Status

So far I've identified a means to accomplish this from page 8 of the Zoning Effect paper. Later i'll look into a means to accomplish this.

About

What i really want is a means is to compare value of land on an site independently of the size of the site is attached too. Which should help make visualisations within an LGA where people want to live based on the assumption the land value has priced all preferences in.

Why have i sought this out

Here is the sites in the CBD ranked by $ per sqm, look at the area of these sites.

While there are cases of data issues in the valuer general in the data, when you sort the sites within in sydney by land value by SQM, it seems like smaller sites tend to rank higher on a basis sqm basis.

I think this is because there's a marginal rate at which land increase in value where the next meter will be worth than the last. As you increase the size of land more types of projects become viable, but any meter you add after the earlier meters does nothing for the projects that viable regardless these extra meters.

Why does this bother me

If we had the shapefile for every lot this wouldn't actually be a problem, but because we are aggregating by meshblock, a single Telstra phone booth can inflate the aggregated value of the meshblock if it's something like max, or mean or something.

If you wanted to compare the value of land in Sydney independently of size of the lot, and you're grouping by things like meshblock.
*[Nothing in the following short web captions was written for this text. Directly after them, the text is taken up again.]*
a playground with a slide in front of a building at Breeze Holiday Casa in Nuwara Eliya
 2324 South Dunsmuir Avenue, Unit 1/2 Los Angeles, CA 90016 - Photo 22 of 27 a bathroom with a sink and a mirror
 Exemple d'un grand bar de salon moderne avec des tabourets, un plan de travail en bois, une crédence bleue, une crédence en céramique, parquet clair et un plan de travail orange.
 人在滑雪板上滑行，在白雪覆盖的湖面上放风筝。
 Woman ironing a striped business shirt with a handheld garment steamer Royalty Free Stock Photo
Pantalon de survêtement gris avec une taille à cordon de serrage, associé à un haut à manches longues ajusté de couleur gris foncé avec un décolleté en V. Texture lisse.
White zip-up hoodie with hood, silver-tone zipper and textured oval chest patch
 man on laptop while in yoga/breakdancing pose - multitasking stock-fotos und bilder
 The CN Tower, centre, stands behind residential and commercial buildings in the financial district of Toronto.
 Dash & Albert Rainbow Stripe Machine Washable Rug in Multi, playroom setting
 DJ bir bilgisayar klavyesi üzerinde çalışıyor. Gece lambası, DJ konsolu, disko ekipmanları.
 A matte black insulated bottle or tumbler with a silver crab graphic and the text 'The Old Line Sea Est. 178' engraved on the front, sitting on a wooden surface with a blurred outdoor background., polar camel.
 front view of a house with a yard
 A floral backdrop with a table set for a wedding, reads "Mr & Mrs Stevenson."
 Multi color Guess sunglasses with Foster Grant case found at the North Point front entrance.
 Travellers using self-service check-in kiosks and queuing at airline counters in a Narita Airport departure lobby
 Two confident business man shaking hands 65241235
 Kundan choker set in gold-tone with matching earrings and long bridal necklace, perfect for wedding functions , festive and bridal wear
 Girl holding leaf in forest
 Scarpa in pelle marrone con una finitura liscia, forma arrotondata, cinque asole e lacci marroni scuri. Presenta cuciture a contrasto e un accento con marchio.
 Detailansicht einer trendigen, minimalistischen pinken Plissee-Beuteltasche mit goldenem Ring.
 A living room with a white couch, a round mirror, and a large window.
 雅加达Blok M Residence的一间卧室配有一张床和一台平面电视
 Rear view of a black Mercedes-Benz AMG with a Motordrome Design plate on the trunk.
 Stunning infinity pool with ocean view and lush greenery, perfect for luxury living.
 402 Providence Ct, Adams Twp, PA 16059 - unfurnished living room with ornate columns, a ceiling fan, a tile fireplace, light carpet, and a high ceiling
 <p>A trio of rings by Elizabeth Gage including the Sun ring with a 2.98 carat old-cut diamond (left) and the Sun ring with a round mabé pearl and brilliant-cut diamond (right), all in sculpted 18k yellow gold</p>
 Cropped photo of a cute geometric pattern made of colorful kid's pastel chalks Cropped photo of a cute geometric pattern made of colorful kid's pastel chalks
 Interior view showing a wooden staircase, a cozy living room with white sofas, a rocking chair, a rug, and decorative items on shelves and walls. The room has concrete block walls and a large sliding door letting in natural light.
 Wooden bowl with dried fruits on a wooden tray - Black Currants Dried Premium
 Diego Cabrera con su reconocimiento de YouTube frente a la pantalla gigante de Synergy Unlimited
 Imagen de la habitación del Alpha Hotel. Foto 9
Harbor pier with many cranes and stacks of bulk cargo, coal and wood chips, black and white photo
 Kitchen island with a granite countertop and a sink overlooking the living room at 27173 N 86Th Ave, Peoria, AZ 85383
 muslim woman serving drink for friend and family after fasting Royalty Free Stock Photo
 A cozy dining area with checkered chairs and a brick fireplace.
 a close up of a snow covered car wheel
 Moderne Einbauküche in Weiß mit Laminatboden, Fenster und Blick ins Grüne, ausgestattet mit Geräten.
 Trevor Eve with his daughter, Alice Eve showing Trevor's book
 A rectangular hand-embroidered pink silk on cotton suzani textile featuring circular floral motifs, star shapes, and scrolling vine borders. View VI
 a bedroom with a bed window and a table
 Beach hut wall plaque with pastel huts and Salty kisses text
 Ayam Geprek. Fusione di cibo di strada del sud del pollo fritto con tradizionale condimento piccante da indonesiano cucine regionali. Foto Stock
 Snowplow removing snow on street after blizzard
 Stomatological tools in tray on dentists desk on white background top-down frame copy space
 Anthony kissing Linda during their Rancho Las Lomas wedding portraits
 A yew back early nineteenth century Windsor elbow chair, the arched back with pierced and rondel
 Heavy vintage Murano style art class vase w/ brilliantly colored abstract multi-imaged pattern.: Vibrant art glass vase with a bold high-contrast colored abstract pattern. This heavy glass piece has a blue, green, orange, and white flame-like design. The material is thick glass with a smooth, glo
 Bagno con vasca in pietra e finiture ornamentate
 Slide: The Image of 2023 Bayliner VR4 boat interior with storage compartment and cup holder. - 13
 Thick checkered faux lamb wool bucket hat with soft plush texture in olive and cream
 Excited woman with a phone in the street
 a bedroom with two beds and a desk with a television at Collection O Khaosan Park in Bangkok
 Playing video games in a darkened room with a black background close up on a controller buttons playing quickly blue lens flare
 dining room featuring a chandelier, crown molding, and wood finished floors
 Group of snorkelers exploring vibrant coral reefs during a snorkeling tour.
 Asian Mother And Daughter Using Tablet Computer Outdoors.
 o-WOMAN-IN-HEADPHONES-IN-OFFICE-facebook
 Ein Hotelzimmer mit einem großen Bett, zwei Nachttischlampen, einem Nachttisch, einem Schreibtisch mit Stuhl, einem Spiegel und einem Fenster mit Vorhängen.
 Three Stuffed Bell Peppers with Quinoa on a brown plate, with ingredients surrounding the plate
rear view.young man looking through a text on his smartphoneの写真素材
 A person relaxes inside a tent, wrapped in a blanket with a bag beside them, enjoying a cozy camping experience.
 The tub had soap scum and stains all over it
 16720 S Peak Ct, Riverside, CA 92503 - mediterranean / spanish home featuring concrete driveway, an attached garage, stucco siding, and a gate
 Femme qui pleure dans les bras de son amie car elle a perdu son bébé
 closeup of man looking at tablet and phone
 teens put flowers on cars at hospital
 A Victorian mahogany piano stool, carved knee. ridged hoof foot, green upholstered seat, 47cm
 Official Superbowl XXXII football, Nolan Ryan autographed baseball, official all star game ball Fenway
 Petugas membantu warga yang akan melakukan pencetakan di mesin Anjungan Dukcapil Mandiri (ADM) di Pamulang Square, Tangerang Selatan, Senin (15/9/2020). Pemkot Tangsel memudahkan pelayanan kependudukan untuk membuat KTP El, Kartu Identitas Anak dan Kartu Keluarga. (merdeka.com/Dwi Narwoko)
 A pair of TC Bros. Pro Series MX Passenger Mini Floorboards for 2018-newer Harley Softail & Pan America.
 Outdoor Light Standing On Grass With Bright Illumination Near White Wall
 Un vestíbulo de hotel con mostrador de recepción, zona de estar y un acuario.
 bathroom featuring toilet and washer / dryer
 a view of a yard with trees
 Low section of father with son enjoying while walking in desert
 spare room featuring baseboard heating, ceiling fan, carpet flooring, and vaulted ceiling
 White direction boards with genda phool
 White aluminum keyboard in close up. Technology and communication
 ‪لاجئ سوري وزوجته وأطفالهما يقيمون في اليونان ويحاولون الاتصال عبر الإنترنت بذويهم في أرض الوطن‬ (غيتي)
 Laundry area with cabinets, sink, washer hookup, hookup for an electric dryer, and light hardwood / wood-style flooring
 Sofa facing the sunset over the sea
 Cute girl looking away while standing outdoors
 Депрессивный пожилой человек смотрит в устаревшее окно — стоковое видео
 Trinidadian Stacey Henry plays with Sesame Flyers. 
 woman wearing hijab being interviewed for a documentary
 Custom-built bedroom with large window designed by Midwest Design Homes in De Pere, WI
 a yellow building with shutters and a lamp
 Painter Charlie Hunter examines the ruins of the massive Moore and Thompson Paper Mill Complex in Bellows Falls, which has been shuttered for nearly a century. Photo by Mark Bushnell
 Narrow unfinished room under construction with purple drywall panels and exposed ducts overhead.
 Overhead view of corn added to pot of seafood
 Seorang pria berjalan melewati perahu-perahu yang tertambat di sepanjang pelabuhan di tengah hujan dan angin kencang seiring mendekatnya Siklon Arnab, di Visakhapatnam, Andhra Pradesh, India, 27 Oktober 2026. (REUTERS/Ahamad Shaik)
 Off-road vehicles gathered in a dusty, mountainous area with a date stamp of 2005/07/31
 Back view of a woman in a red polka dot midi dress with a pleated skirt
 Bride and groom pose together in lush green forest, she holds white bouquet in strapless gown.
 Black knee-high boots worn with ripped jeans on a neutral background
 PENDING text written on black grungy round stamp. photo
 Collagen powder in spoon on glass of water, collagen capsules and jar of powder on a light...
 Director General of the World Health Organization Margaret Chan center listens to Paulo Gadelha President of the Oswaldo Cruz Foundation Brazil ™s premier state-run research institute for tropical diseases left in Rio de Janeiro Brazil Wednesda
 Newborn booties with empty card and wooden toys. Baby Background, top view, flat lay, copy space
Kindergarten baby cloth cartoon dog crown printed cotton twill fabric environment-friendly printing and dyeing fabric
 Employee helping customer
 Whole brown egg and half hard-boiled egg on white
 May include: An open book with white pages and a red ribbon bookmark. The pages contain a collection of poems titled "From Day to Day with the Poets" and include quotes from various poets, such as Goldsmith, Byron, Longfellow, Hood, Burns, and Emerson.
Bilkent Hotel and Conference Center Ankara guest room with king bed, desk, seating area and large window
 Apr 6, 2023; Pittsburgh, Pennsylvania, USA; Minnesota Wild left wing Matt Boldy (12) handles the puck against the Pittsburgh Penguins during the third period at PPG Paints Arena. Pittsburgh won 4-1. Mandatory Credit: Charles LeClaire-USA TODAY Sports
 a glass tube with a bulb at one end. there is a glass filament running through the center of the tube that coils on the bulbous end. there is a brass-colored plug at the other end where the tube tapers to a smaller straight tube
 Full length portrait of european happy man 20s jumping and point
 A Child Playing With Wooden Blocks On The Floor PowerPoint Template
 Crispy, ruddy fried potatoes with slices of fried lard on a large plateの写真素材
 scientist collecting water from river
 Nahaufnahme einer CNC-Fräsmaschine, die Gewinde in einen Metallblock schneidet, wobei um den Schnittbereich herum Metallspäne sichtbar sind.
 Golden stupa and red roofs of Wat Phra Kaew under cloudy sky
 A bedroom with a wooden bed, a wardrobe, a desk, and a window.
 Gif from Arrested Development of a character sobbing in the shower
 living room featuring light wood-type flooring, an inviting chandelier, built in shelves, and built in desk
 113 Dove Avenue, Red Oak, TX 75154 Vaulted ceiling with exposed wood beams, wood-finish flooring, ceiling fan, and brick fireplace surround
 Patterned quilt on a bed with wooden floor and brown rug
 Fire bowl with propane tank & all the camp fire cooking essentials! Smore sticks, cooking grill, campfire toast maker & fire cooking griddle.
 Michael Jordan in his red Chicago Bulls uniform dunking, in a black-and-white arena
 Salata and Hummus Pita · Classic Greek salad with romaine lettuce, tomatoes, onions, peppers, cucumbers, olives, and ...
Aggregations like max or mean will be heavily skewed by this if you have a random 1x1 Telstra phone booth, which is the case in a few places in the CBD.

It would be nice to be able to weigh each meter independent of the size of the loot it's actually too, but maybe that is fanciful.

Hacky solutions

So far I've included something like this in my land value aggregations, but it's fairly arbitrary and dishonest

CASE
  WHEN p.area < 10 THEN 10
  ELSE p.area
END

Note, this isn't used in the data ingestion process but instead in the other notebooks where I've been trying to visualise the data.

Possible projects once accomplished

This will allow for the creation of a visualisation of different LGAs that show where the most valuable land is that isn't skewed by small sites.

Maybe get a distribution of land values in an area by doing following for each site

def marginal_value_of_land(valuation, nth_meter):
  # The paper says this
  #    log(sale price) = c + b log(land area) + aX + e
  #
  # it would be neat to do something like
  #    (b log(nth_meter)) - (b log(nth_meter - 1))
  #
  # I don't even know if it makes sense to do that... 
  # Possibly useless. maybe this is more reasonable 
  #    b log(1)
  pass

def population_of_all_land_values(valuations):
  for v in valuations:
      for nth_meter in range(0, v.sqm_area):
          yield marginal_value_of_land(v, nth_meter)

With that population of land values you can see the distribution of land values, I'm honestly unsure what the most sensible way to do this is...

Solutions

It's possible this methodology for comparing land by these aggregations is flawed and I should look at other methodologies.
It's possible there some kind of coefficient you can figure out from hedonic pricing models?
this problem is a problem because I'm aggregating multiple properties by mesh blocks, if I had the shape files for the actual properties this wouldn't be a problem

It's entirely possible I'm looking at this all wrong, I think first, it's best to establish a better understanding of the nature of things first before proposing a fix. Let's see what research says about it.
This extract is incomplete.